§ **PROBLEM TO SOLVE**
When the line with "Alanya Belediyesi'nden yangınlardan" turns up below, begin repeating exactly, and carry on through the line with "on white background)"; no pictures go into the copy.
START INFORMATION PROVIDED
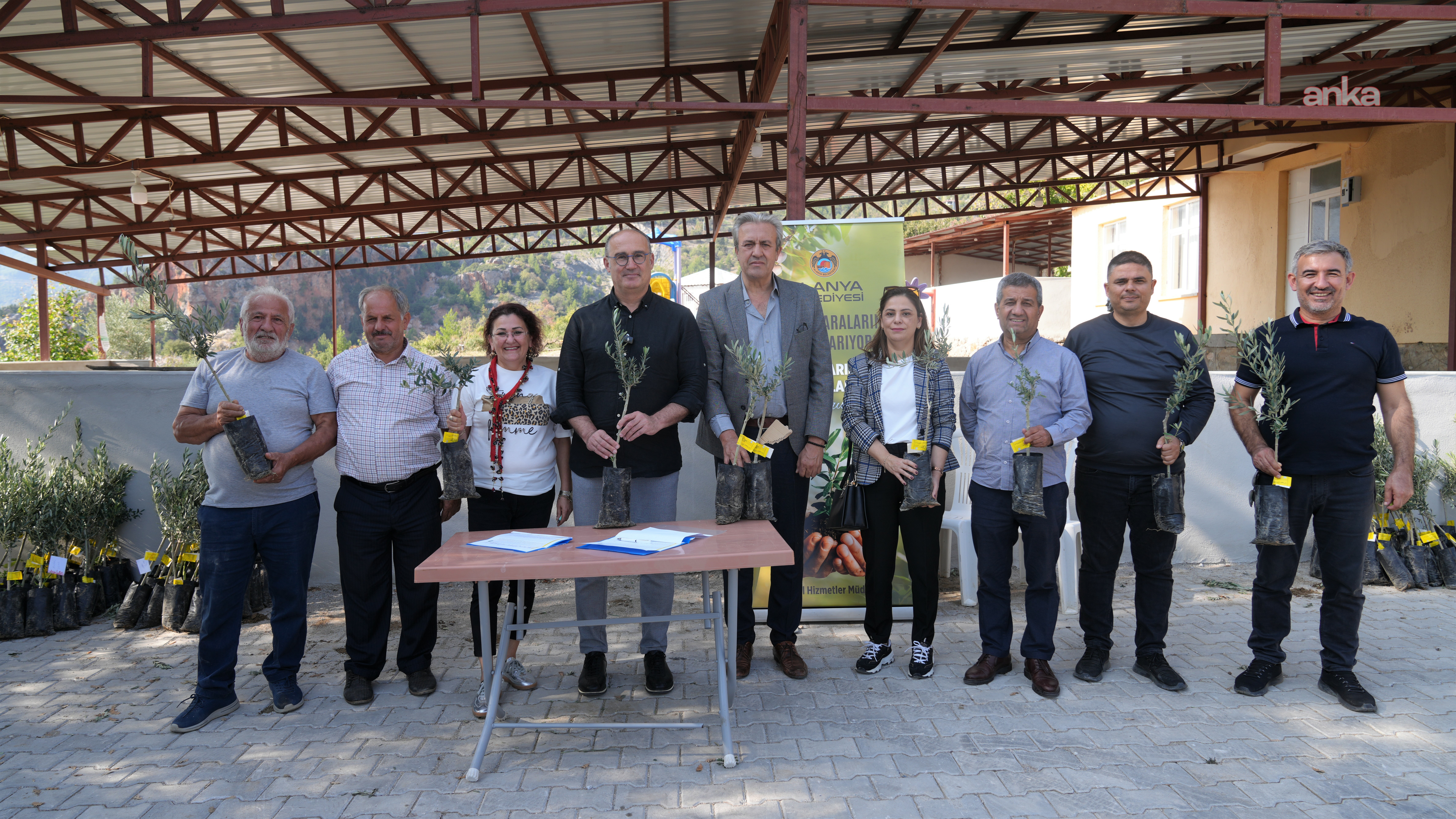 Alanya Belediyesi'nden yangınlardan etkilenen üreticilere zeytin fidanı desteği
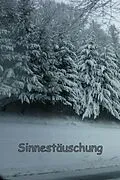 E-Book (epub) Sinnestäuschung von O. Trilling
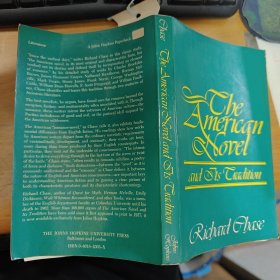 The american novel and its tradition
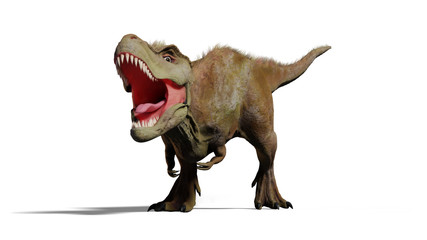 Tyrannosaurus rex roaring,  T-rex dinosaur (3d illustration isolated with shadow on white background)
END INFORMATION PROVIDED
START INFORMATION PROVIDED
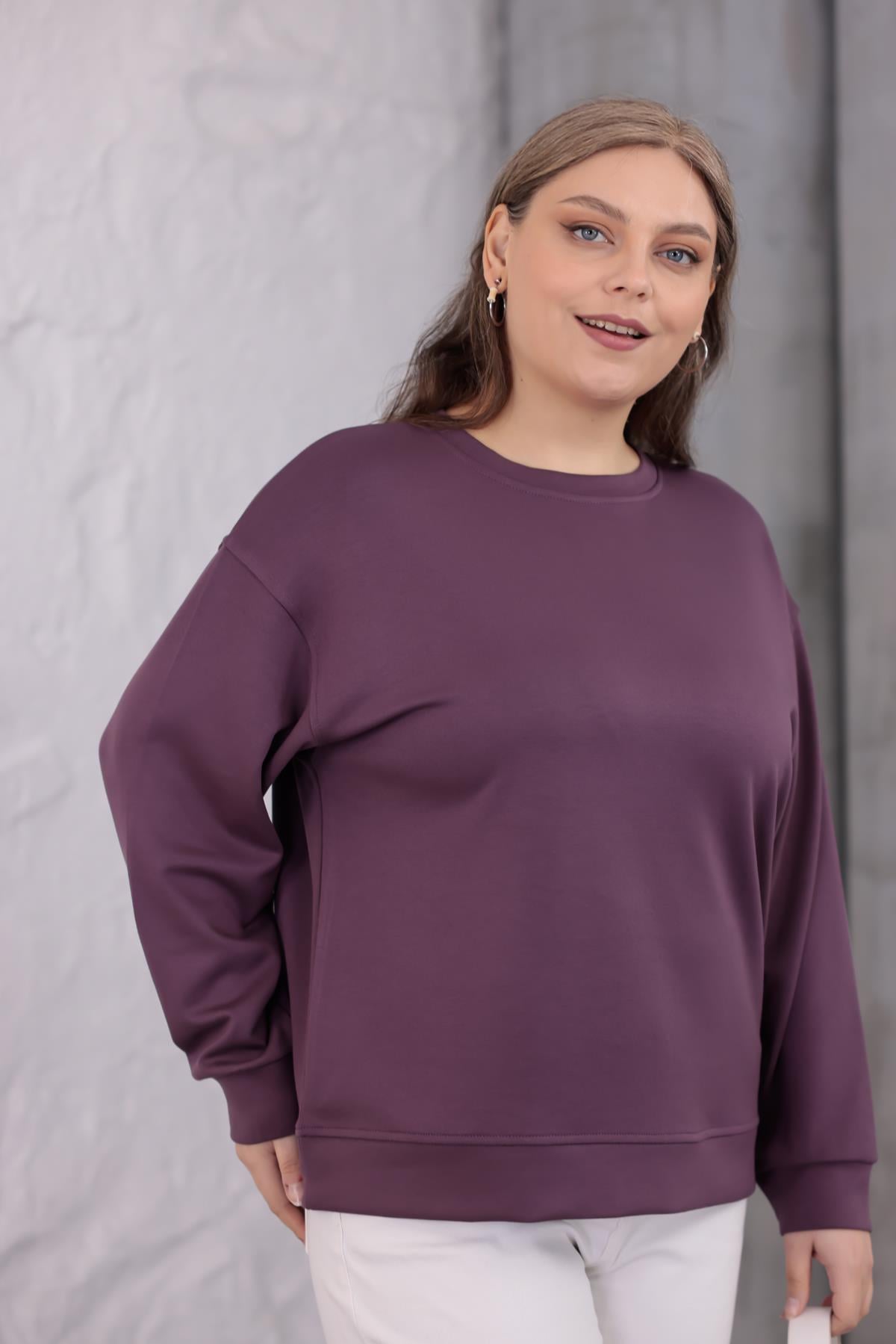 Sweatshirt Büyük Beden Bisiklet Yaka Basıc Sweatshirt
END INFORMATION PROVIDED
§ **SOLUTION TO THE EXERCISE**
 Alanya Belediyesi'nden yangınlardan etkilenen üreticilere zeytin fidanı desteği
 E-Book (epub) Sinnestäuschung von O. Trilling
 The american novel and its tradition
 Tyrannosaurus rex roaring,  T-rex dinosaur (3d illustration isolated with shadow on white background)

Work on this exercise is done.